Research on distributed systems is often motivated by some variation of the following:
Developers of distributed systems face notoriously difficult challenges, such as concurrency, asynchrony, and partial failure.
That statement seems convincing enough, but it’s rather abstract. In this post
we’ll gain a concrete understanding of what makes distribution so challenging,
by describing correctness bugs we found in an implementation of the Raft consensus protocol.
Raft is an interesting example because its authors designed it to be
understandable and straightforward to implement. As we’ll see, implementing even the relatively
straightforward Raft spec correctly requires developers to deal with many difficult-to-anticipate
issues.
Fuzz testing setup
To find bugs we’re going to employ fuzz testing. Fuzz tests are nice because
they help us exercise situations that developers don’t anticipate
with unit or integration tests. In a distributed environment,
semi-automated testing techniques such as fuzzing are especially useful, since the number of possible
event orderings a system might encounter grows exponentially with the number
of events (e.g. failures, message deliveries)–far too many cases for developers to reasonably cover with
hand-written tests.
Fuzz testing generally requires two ingredients:
- Assertions to check.
- A specification of what inputs the fuzzer should inject into the system.
Assertions
The Raft protocol already has a set of nicely defined safety
conditions, which we’ll use as our assertions.
Figure 3 from the Raft paper (copied left) shows Raft's key invariants.
We use these invariants as our assertions. Each assertion should hold at
any point in Raft's execution.
For good measure, we also add in one additional assertion:
no Raft process should crash due to an uncaught exception.
We'll check these invariants by periodically halting the fuzz test and
inspecting the internal state of each Raft process.
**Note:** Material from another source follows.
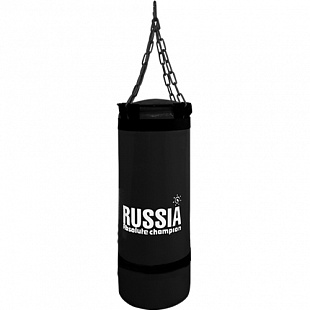 Мешок боксерский Absolute Champion Стандарт Плюс 25 кг black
If any of the assertions
ever fails, we've found a bug.
The trickier part is specifying what inputs the fuzzer should inject.
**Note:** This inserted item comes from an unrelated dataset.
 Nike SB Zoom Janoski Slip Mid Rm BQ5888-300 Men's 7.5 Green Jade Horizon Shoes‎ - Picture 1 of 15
Generally speaking, inputs are anything processed by the system, yet created outside the control of
the system. In the case of distributed systems there are a few sources of
inputs:
- The network determines when messages are delivered.
- Hardware may fail, and processes may (re)join the system at random points.
- Processes outside the system (e.g. clients) may send messages
to processes within the system.
To generate the last two types of inputs, we specify a function for creating random external messages (in the case of Raft: client commands)
as well as probabilities for how often each event type (external message sends, failures, recoveries) should be injected.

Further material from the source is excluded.